In the material below, find the line with "AUPROTEC 5m Fahrzeugleitung" and the line with "Jimmy Key Navy", then output those two lines and every line between them, exactly.

◆ ◆ ◆ ◆ ◆ ◆ ◆

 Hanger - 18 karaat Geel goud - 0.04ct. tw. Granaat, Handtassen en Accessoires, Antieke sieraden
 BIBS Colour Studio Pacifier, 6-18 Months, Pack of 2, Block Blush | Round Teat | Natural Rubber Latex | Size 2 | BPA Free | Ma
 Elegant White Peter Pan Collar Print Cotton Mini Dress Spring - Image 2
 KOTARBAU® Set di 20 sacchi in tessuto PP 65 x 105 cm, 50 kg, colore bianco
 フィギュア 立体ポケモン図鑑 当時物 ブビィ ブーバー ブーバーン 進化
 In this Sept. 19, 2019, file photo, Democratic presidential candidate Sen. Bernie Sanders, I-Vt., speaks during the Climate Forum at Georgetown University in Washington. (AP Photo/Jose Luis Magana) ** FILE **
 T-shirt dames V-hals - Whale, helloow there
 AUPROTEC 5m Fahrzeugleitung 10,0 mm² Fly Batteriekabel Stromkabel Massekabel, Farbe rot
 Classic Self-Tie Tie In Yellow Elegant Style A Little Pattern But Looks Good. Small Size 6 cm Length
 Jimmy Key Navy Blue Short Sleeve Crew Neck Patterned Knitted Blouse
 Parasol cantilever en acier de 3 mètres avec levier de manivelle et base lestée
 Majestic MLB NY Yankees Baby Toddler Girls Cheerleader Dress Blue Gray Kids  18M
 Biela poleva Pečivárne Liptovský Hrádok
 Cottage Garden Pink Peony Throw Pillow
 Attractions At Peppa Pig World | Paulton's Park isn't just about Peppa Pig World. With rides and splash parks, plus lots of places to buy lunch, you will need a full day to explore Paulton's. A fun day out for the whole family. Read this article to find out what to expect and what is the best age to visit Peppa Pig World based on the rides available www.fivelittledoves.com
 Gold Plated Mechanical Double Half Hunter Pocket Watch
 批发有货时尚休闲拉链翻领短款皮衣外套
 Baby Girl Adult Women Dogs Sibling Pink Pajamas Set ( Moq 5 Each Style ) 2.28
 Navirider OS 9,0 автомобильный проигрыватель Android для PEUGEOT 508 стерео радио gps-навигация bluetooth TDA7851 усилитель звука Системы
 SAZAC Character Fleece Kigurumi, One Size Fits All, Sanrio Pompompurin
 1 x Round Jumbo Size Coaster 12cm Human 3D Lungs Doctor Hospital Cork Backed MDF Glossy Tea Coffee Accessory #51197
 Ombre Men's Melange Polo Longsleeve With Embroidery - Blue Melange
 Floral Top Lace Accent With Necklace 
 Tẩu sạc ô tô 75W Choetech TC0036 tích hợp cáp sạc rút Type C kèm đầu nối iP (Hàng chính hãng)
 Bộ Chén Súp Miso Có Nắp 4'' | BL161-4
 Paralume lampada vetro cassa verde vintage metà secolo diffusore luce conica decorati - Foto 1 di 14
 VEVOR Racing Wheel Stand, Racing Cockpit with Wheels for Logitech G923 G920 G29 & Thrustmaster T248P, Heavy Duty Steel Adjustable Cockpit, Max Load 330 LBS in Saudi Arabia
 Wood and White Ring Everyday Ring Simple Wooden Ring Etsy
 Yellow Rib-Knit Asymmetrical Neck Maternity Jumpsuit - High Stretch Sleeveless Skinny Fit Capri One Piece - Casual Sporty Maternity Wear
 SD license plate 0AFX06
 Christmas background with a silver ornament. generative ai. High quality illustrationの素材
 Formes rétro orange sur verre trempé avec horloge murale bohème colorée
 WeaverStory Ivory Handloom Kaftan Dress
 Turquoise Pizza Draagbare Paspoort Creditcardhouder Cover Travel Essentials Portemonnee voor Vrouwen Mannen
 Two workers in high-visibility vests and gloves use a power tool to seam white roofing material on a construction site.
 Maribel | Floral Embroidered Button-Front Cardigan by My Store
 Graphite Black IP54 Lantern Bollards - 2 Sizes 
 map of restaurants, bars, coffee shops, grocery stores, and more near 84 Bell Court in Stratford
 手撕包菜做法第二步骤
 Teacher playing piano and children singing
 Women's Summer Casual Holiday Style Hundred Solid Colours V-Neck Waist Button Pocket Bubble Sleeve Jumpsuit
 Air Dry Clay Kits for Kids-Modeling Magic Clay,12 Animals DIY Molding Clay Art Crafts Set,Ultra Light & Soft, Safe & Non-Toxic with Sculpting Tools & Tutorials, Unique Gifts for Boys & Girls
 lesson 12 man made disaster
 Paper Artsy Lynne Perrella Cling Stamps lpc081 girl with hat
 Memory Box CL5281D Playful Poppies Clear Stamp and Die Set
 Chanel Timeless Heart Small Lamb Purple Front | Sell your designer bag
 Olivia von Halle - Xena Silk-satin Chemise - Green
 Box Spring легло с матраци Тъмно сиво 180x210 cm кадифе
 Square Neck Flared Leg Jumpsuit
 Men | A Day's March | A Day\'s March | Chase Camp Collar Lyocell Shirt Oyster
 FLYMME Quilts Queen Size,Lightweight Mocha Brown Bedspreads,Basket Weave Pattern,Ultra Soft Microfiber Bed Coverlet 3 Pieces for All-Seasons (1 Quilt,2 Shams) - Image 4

◆ ◆ ◆ ◆ ◆ ◆ ◆

Exercise result
 AUPROTEC 5m Fahrzeugleitung 10,0 mm² Fly Batteriekabel Stromkabel Massekabel, Farbe rot
 Classic Self-Tie Tie In Yellow Elegant Style A Little Pattern But Looks Good. Small Size 6 cm Length
 Jimmy Key Navy Blue Short Sleeve Crew Neck Patterned Knitted Blouse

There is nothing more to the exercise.